Saturday, June 8, 2002
By Steve Patterson 
Times-Union staff writer 

Jacksonville's home-building lobby is facing state charges that it funneled illegal campaign contributions to politicians hundreds of miles away.

The Northeast Florida Builders Association's political committee is among 13 builder organizations the Florida Elections Commission has accused of breaking campaign finance laws. Several committees could face fines of a few thousand dollars or more.

A lawyer representing the builder organizations said elections officials were grasping at straws and he would fight the charges at a hearing. The lawyer, John French, conceded an interoffice e-mail about $1,500 sent from Jacksonville to Pensacola looked suspicious but blamed that on clumsy wording.

The charges involve the committees' efforts to coordinate donations to builder-friendly candidates in county commission and school district races, as well as the Legislature, during the 2000 elections.

In counties with key races, builders asked their counterparts across the state to send money to candidates who could be virtually unknown outside their hometowns. Builder committees also routinely transferred money to one another, sometimes while they were soliciting donations.

In findings filed by the elections commission, investigators argued the two practices illegally dodged a state law that limits each committee's contribution to $500 a candidate. In effect, the argument went, builders with a favorite candidate were mailing money to friends across the state, who then gave the cash to the candidate.

Political committees of all types have practiced similar tactics in state-level politics for years. But in 2000, the builders began to encourage involvement in purely local races.

The head of a Pensacola environmental group, Neighbors for a Quality Future, complained to the state about donations that an Escambia County builders committee arranged for candidates there.

The charges against the Northeast Florida committee quote an October 2000 e-mail the executive director of the Pensacola builders' association sent to his Jacksonville counterpart, Arnold Tritt.

"Will you do a PAC transfer with me?

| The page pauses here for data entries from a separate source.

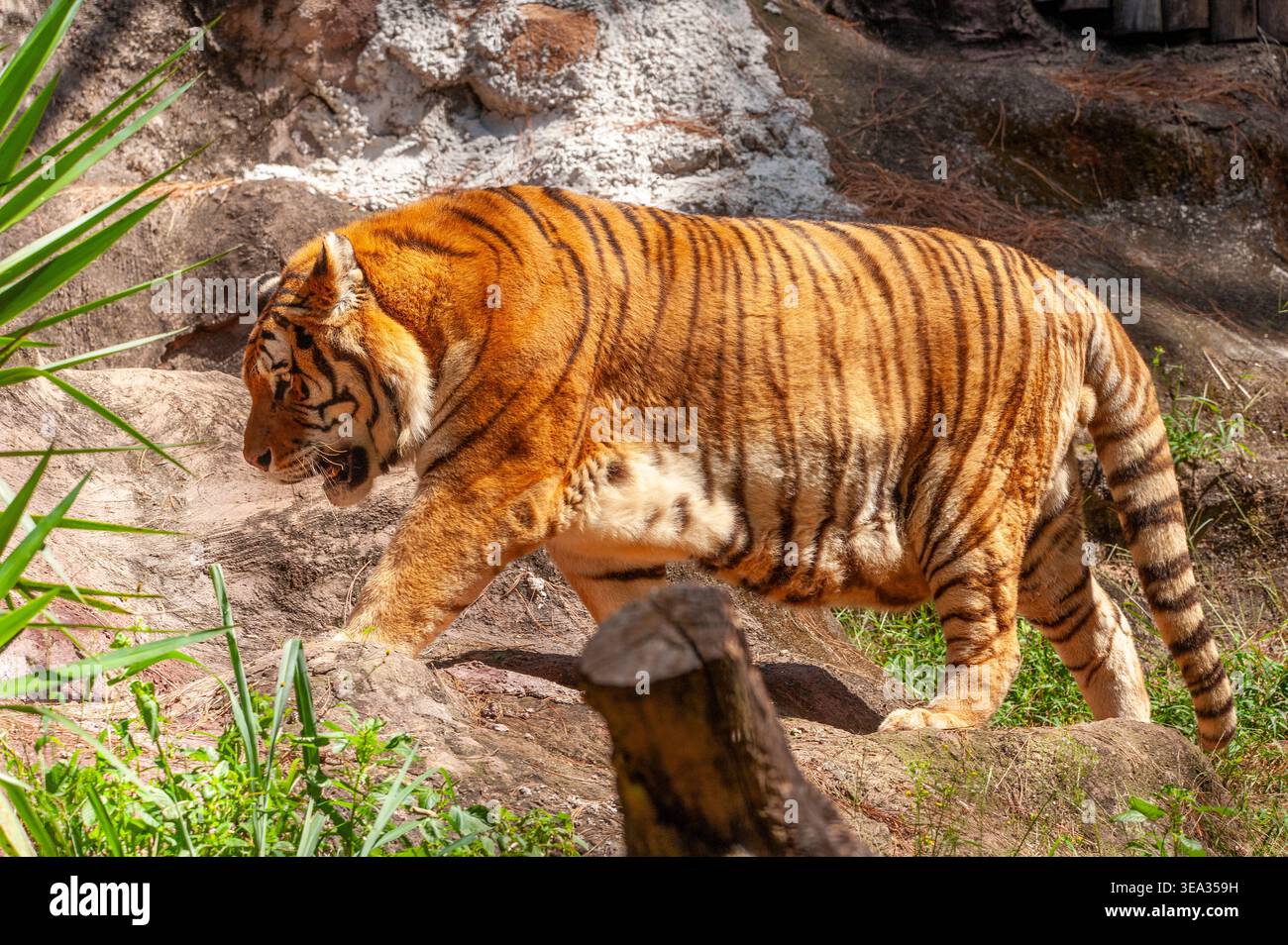 Sibirischer Tiger (Panthera tigris altaica), der als die größte Katze der Welt gilt. Stockfoto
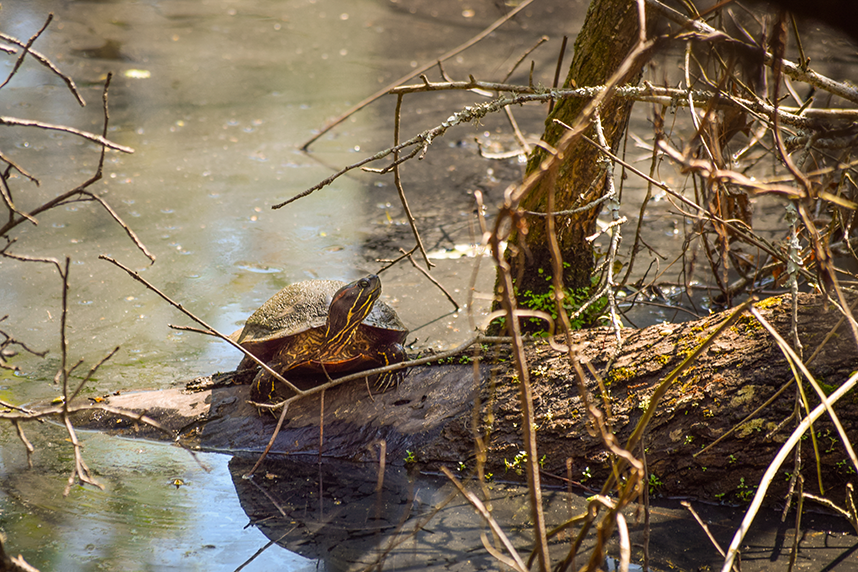 turtle in a pond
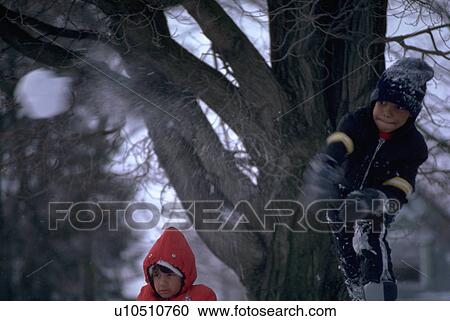 Stock Image - boys, people, two, children, winter, tree. Fotosearch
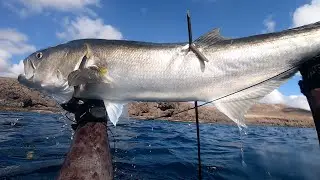Pescasub (spearfishing) Lanzarote. Pejerrey (pesce serra), kg. 7,5. 30 Octubre 2025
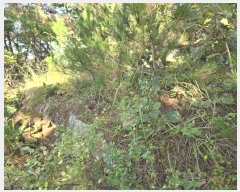  2024Ÿ38201 泲 õ  踮 60-3      (Ӿ)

I need $500 checks for the following," read the message from David Peaden at the Building Industry Association of West Florida. Peaden then listed three candidates running for the Escambia County Commission, the county school superintendent's job and the House of Representatives. "Give me the name to [of] your PAC and I'll send you a $1,500 contribution," the charge sheet quotes Peaden's e-mail as saying.

The Northeast Florida committee gave $500 to each of Peaden's candidates. Two days later, the Pensacola committee gave identical contributions and also gave $1,500 to the Northeast Florida committee.

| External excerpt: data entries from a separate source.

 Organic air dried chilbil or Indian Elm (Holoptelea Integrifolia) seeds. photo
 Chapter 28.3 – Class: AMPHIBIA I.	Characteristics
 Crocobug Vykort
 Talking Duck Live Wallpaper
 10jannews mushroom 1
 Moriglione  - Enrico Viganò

Tritt yesterday referred a reporter's questions to French, the building industry lawyer. Peaden didn't return a message left at his office.

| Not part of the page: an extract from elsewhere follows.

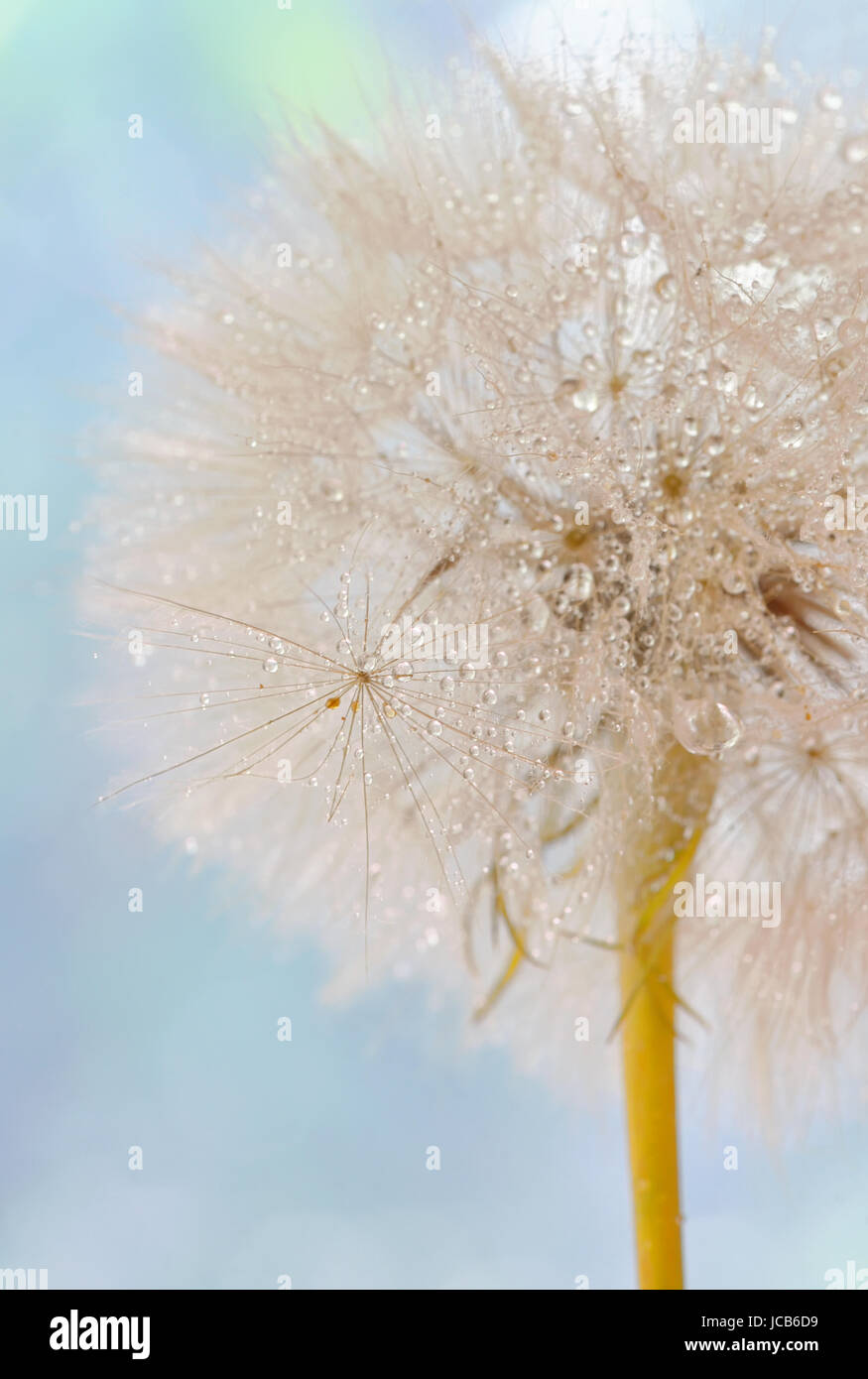 Semi di tarassaco - blowball soffici e morbidi sullo sfondo della natura Foto Stock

French said he hadn't talked to Tritt about the e-mail message. He said Peaden told him the e-mail was a follow-up to a conversation with Tritt, where Peaden asked for donations and said he would try to send money to Jacksonville but couldn't guarantee it. He said the e-mail by itself "would create a fairly strong indication of a [campaign finance] violation," but that Peaden's explanation gave a credible and legal alternative interpretation. He said the e-mail was "rather ungraceful" but didn't prove wrongdoing.

The state charges also were brought against Jacksonville builder Howard White, a former president of the Northeast Florida association and former chairman of the political committee. State investigators had sent White a questionnaire asking him why the committee sent $500 to the campaign of a St. Lucie County Commission candidate and whether anyone from Jacksonville ever talked to the campaign. "His responses ... were variations of 'I don't know,'" the charges said. 

The charges said the candidate also was supported by the Pensacola committee, and that the Northeast Florida committee received $500 from Pensacola the same day the candidate received $500 from Jacksonville.

White didn't return a message left with a relative at his office yesterday.

French said state officials have built a circumstantial case that stretches the intent of the campaign finance laws.

Building industry members previously have defended their transfer of money between committees and insisted they didn't make any quid pro quo payments.

In 1999, the Times-Union showed that builder committees had sent each other $34,000 in the final two months of the 1998 elections, and that the committees regularly spent that money on candidates seeking office on the other side of the state.